= Eileen Beldon =

English actress (1901–1985)

Eileen Beldon (12 September 1901 – 3 August 1985) was an English stage and film actress. She had a successful career as a Shakespearean actress as well as in modern repertory theatre.

== Biography ==
Eileen Beldon was born on 12 September 1901 in Bradford, West Yorkshire to parents Albert Beldon and Bertha Nicholson. She attended Bradford Grammar School and the Hendon School. Beldon died on 3 August 1985.

== Career ==
Eileen Beldon made her first stage appearance at the Drury Lane Theatre on 26 December 1917 as a chorus member in a production of Aladdin. For several years thereafter she performed at the Old Vic in such roles as Maria in Twelfth Night, Audrey in As You Like It and Mopsa in The Winter's Tale. In 1920, she went on two tours throughout England. The first was in the role of Jocelyn in Sacred and Profane Love and the second was in the role of Kitty Cranford in The Great Day.
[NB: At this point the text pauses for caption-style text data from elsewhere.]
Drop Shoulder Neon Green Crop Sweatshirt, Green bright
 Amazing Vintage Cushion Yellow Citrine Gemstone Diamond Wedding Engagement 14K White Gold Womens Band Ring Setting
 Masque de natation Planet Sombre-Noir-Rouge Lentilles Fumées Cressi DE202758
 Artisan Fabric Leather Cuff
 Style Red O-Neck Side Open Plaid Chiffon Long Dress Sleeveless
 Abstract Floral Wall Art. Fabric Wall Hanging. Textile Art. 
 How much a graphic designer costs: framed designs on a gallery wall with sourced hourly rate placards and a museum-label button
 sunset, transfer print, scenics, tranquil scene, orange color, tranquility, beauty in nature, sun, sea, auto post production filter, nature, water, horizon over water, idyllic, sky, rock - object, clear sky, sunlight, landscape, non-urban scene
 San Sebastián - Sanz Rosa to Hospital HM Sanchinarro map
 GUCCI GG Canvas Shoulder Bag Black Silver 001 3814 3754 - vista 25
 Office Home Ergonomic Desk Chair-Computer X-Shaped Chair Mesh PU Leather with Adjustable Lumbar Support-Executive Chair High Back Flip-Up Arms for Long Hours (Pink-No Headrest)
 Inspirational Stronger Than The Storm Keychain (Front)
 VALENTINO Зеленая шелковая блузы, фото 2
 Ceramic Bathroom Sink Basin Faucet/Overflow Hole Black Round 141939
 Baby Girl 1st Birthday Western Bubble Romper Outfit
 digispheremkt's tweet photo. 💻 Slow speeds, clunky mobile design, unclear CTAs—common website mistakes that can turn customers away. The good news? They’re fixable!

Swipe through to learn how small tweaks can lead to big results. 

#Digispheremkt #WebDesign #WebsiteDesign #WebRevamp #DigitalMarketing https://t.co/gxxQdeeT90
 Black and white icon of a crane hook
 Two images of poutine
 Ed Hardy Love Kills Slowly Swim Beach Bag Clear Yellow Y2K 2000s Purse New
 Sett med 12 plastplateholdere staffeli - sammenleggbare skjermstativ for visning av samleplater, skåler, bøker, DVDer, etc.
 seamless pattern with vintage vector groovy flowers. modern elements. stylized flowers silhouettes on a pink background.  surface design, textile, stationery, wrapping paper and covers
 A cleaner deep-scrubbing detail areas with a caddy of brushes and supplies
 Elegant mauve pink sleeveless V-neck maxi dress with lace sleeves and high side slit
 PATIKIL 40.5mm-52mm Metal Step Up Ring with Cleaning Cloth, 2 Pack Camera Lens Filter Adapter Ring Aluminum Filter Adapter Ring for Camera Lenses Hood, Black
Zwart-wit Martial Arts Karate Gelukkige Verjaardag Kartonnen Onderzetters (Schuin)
In March 1923, she joined the company at the Birmingham Repertory Theatre with which she performed through March 1924. She again appeared with the Birmingham company for their 1944-1945 season, appearing as Paulina in The Winter's Tale and Juno in Juno and the Paycock among other roles. Beldon also appeared with the Birmingham company from 1961 through 1964.

Beldon performed in a number of original Broadway theatre productions, including Yellow Sands at the Fulton Theatre and Fallen Angels at the 49th Street Theatre, both in 1927. Other major venues at which Beldon performed include the Garrick Theatre, the Winter Garden Theatre, the Guild Theatre, and at the Edinburgh Festival. She also appeared in various films and television programs, beginning with a role as a parlormaid in the 1938 film adaptation of Pygmalion.